家紋の始まりは平安時代に公家が牛車を区別する為の目印として用いられたのに端を発するといわれている。のれんも現在の形状となったのれんがはじめて見られるのは、平安時代の絵巻物「信貴山縁起絵巻」である。その後、庶民が公家や武家の紋を真似て家紋が普及していったのと同様に、のれんも庶民のあいだでメディアとして育まれ、その後江戸時代に大きく進化・普及した。つまり、家紋とのれんは同時代にはじまり、同じく文化の系譜を辿ってきた。現在でも家紋を伝える媒体としてのれんは多く用いられ、その活躍の幅も増えている様に感じる。また、西洋との対比に於いても、日本で家紋は庶民も持てるが、西洋では家紋に相当する紋章は貴族しか持つことが許されないという点があり、のれんに於いても西洋建築は石やガラスの固く変わらない建築だが、日本建築は木や紙や布を多く用いる柔らかくうつろう建築であり、家紋・のれん共に西洋と対比すると日本ならでは且つ、日本らしい文化が多く包括されている。※引用元:熈代勝覧 日本橋ガイド https://nihonbashi-info.tokyo/kidaishoran/ 

 

伝統と革新の往来。

今回製作したのれんは、2019年に参画した、東京・日本橋のデザインイベント「めぐるのれん展」にて製作した「麒麟紋」を復刻したものである。
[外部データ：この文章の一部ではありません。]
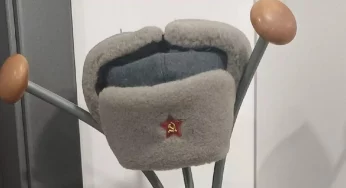 Белорус вез в Литву шапку-ушанку с советской символикой — вещи забрали на границе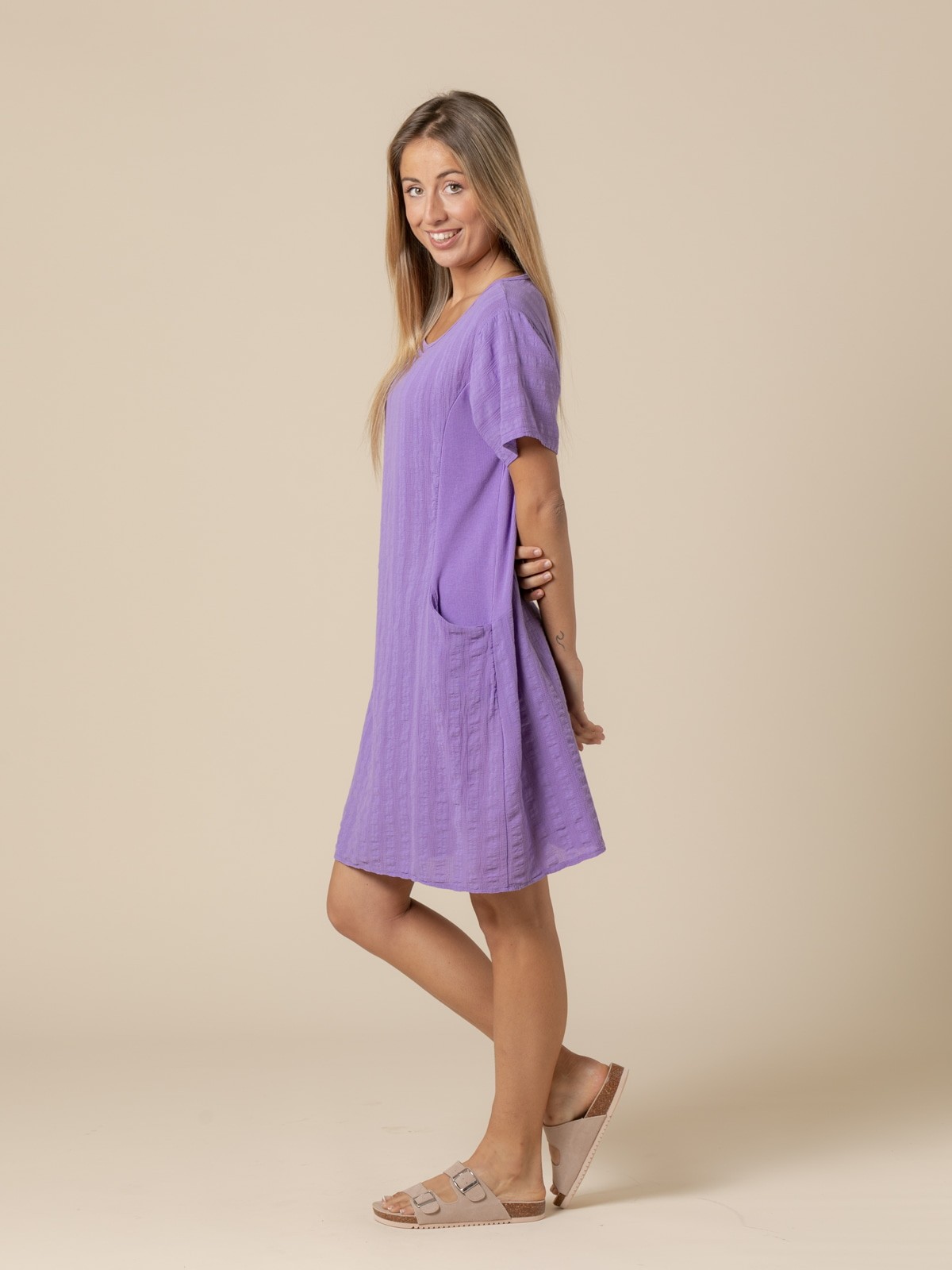 Woman Plain short dress with elastic detail  Violet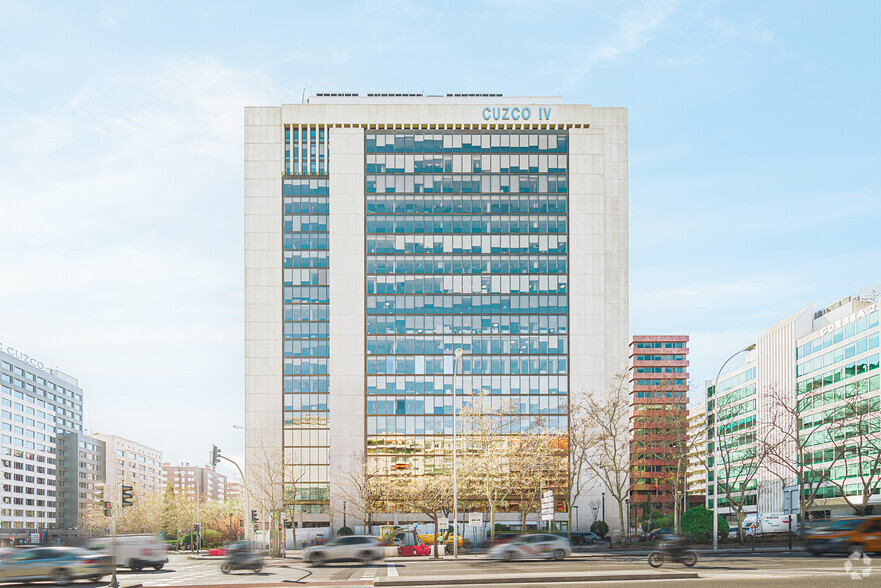 Paseo Castellana, 141, Madrid, Madrid à louer - Photo du bâtiment - Image 2 de 5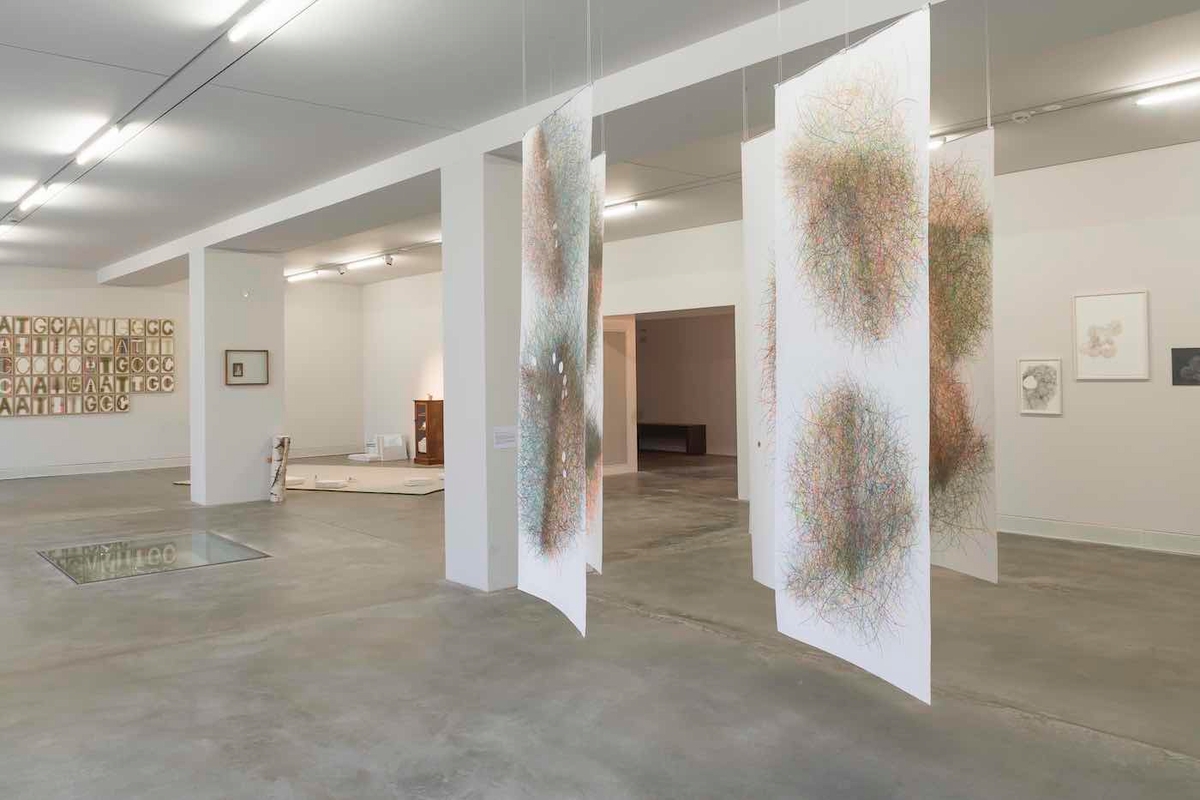 Katrin Von Lehmann, Proxy 6 und Proxy 21 aus dem Projekt 'Leerstelle des Unbekannten/Nichts stimmt mehr', 2015 fortlaufend, Ausstellungsansicht ZAK-Zentrum für aktuelle Kunst-Zitadelle Spandau, 2021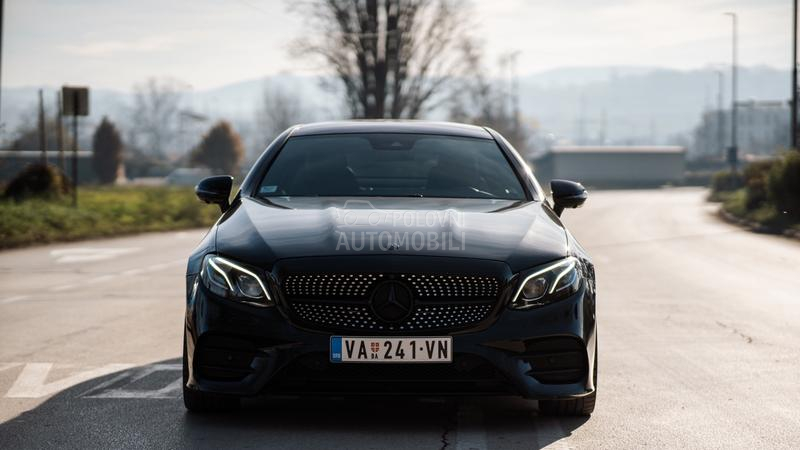 Mercedes Benz E 220 AMG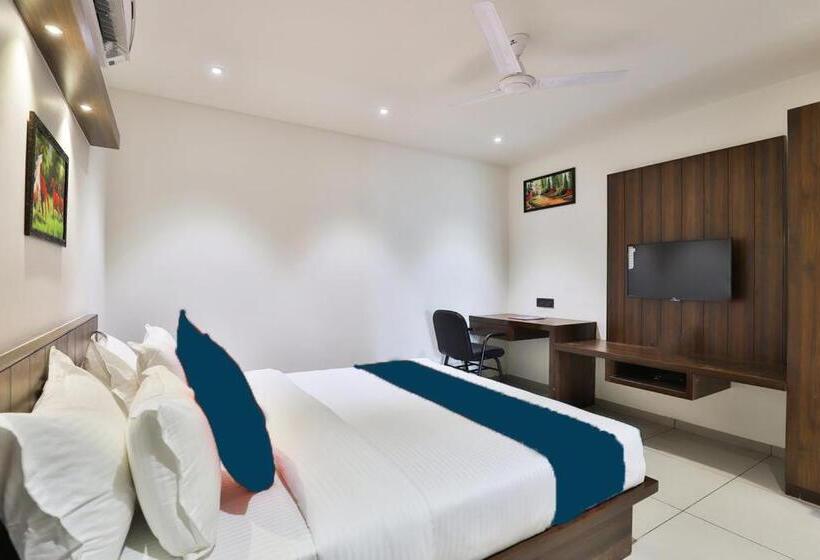 디럭스 룸, Sparsh Inn  Chandkheda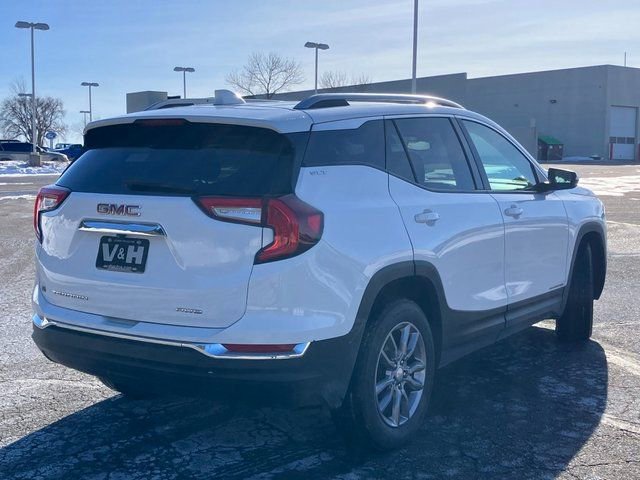 Used 2024 GMC Terrain SLT image 26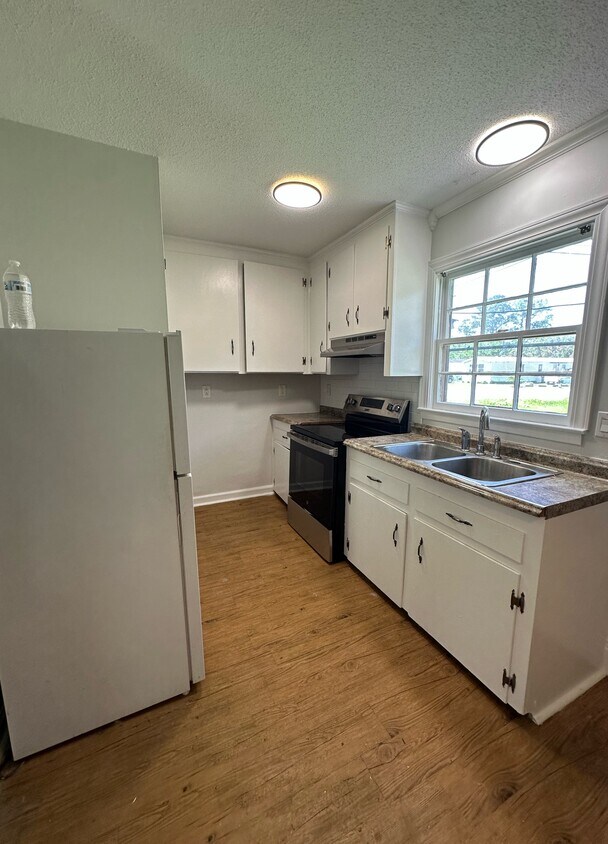 Foto principal - 8844-8850 Deerwood Dr (Quadplex)
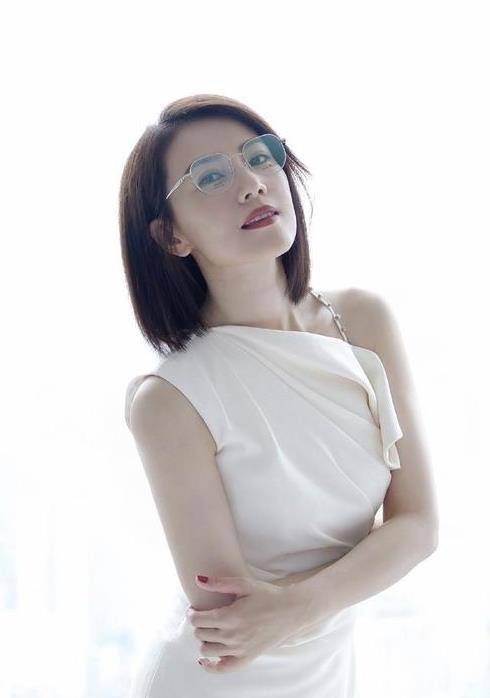 事业|高圆圆出席某活动，一身白色斜肩礼服简约时尚，气质优雅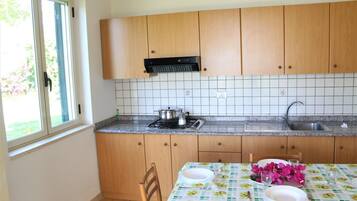 Fridge, oven, stovetop, coffee/tea maker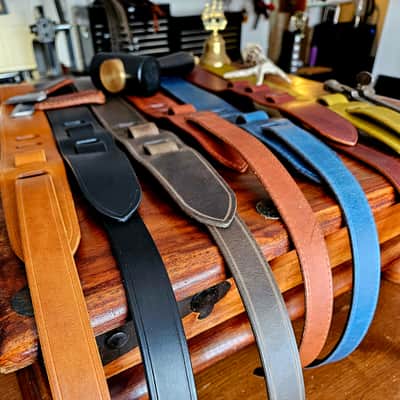 "Arthur" - Handmade Lyvenden distressed leather guitar strap - Ocean Blue image 13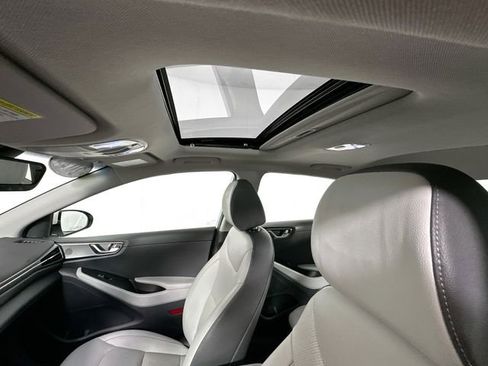 Used 2022 Hyundai Ioniq Limited image 20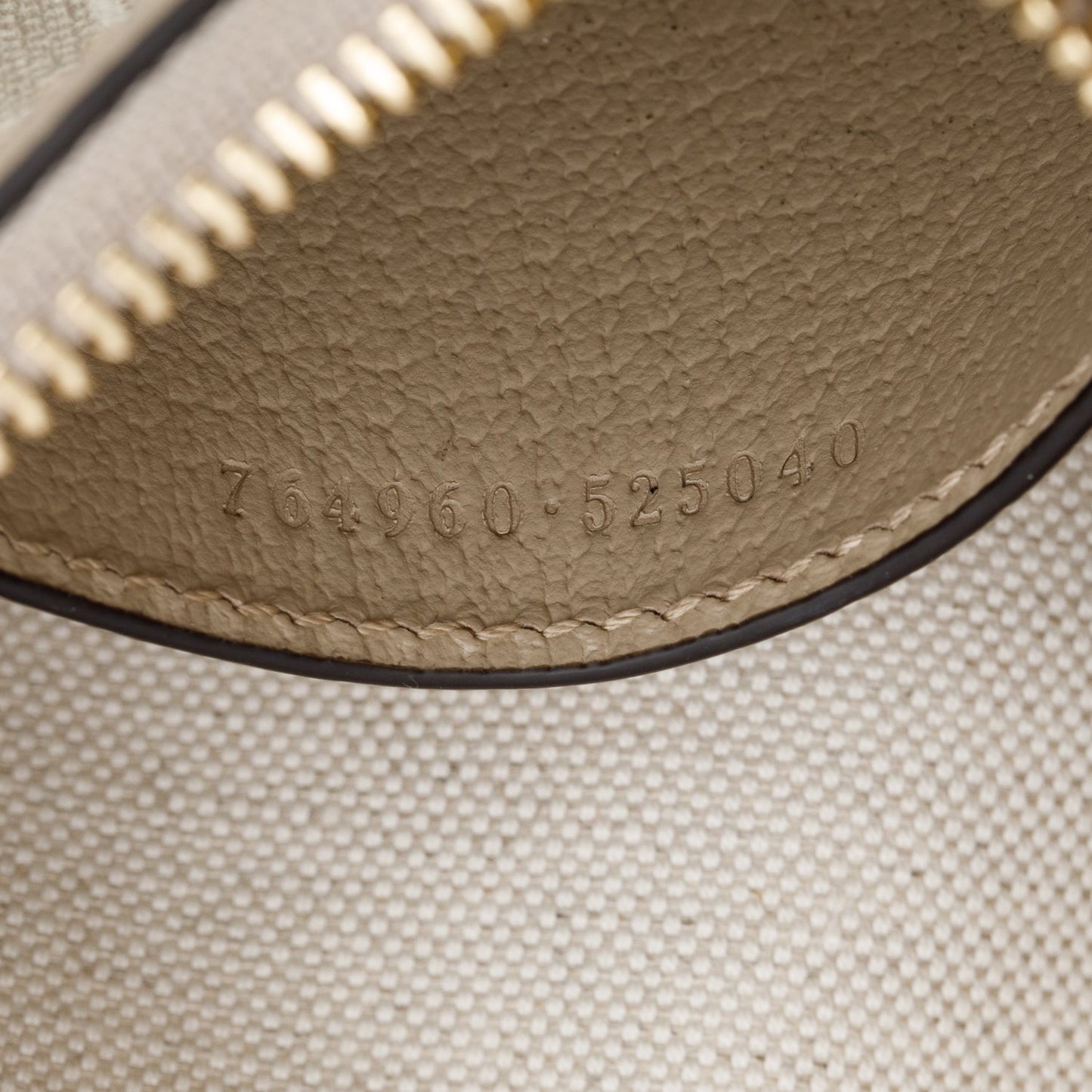 Gucci Beige GG Supreme Monogram Textured Dollar Calfskin Mini Ophidia Chain Bag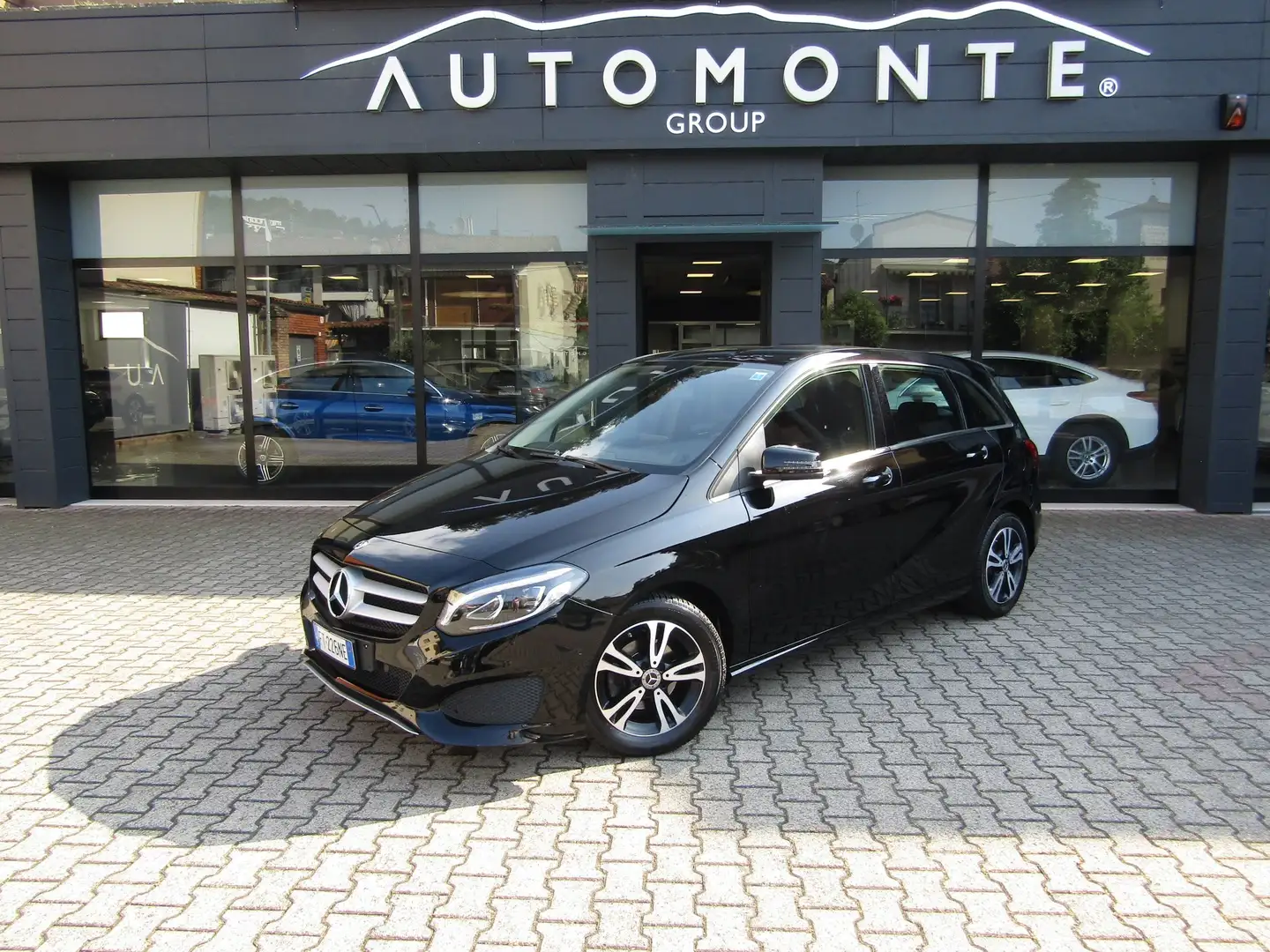 Mercedes-Benz B 180 d CAMBIO AUTO,FARI LED,NAVI,NEOPATENTATI Černá - 1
2つののれんが対となっており、紋を染め抜いた麒麟紋は伝統的なのれんを染める技法「印染め」、家紋を構成する円の軌跡をアート表現として取り入れた麒麟紋曼荼羅は現代の染色技法「昇華転写」で染めた。互いに表現は違うが、家紋・のれん共にその背景には手仕事が根本にある。印染めののれんには情緒ある深い色味と素材感、昇華転写には手染めでは表現が難しいグラフィックの自由度がある。双方共に持ち味があり、また不得手なところがある。それらを知った上で、伝統と革新を往来することで、互いの価値が上がって行くのではと考える。

 

波戸場 承龍 (紋章上繪師) 

家紋を手描きで入れる職人「紋章上繪師」としての技術を継承し、古来の紋章上繪師の描き方やデザイン手法を用い、日本人の持つ繊細な表現技法と大胆な構図、引き算の美学を追求している。様々な業種の作り手やブランドとのコラボレーション、アート作品を通して、家紋を現代のライフスタイルと調和するデザインへと昇華させている。